As I read, similarities arose to my own reflection on the world we actually live in. Similarities of government, of society and its sickness, our ever evolving technologies, all of these echoing through my mind. Diving deeper into myself, searching for truth, as Beowulf does.
This “work of art”, yes I said work of art, is easy to read and leaves you enticed to read on.
Do I recommend this book? No matter what genre you like, this book will engulf you!
A fast paced thrilling read that quickly moves along.

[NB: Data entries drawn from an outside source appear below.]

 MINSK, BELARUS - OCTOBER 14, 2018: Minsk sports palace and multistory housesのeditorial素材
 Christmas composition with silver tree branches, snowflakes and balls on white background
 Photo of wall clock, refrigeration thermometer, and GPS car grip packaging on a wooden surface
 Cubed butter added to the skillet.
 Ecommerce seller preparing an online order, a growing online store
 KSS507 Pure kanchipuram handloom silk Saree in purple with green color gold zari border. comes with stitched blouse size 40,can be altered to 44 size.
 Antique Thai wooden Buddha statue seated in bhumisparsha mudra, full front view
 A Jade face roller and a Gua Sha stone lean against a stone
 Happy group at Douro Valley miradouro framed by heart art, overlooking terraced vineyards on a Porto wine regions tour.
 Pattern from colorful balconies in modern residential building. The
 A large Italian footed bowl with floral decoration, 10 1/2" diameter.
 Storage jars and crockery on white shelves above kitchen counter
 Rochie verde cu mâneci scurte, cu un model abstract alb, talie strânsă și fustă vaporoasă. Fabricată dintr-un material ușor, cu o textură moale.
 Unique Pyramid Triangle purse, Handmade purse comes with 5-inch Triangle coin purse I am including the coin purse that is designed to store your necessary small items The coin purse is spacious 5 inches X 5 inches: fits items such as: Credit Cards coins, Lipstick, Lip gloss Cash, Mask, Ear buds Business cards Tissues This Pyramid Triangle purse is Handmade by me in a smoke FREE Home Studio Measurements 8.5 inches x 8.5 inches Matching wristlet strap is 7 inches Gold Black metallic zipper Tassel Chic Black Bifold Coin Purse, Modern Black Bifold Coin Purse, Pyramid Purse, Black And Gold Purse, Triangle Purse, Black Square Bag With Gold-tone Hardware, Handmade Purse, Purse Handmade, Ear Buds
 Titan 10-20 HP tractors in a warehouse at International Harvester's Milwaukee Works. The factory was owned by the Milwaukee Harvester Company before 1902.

We are drawn into a television show with a flashy host named Larry Bennett who is more than meets the eye. A show where the audience are the judge of people crimes but is it really justice? It’s a game to him as the people so called justice are brought to an end by someone called Beowulf.
He is a well known bounty hunter going by Julien Clarke who ends the sentenced people lives. When the crimes brought forward turn to more violent and deadly, the two of them begin to research the accused pasts. Is there more than meets the eye, as technology might play a bigger role.
Who is really behind it all and what do they want? Are the leaders apart of this plot or are they victims along with the criminals? Who can we really trust in this Utilitarian world or are we doomed?
I'll condense my reading experience into one word–exhilarating!
From the very first chapter, I was kept guessing. Where is the writer going with this? The story's set in a future that gives it a touch of technology as if you're watching an action movie with all the latest gadgets built for the user's absolute convenience and prompt response to everything.
The tricky part is that the reader gets into the head of almost every character introduced. It's like the reader appreciates the perspective of each individual although they are of opposite nature.
Overall it's a well-written rollercoaster-ride-like story which keeps us guessing. The mystery and suspense hold up right to the end, which I also thought was a cliffhanger.
I would absolutely enjoy a cinematic version of this story as well since everything is so well-defined.
Some books take 'getting into' before one is really interested. This one grabbed me on the 1st page when the unnamed 'he' jams on the brakes & hot coffee 'sloshes over his legs' ... (been there, done that). I'm interested, involved and wow! surprised already by the end of the 2nd page. It's a very interesting and different future... maybe something it could be argued we're heading towards... but maybe, and hopefully, not. One small peek, without giving away too much: violent crime happens and an instantaneously formed jury votes - all connected to constant active 'tv' of sorts, that includes mass participation and ratings, 'reality tv' with a vengeance! The book is multi-layered, and honestly, one reading isn't enough to perceive all that's buried within the various layers. A second reading is something I definitely plan, and am eager to see what's next by this author.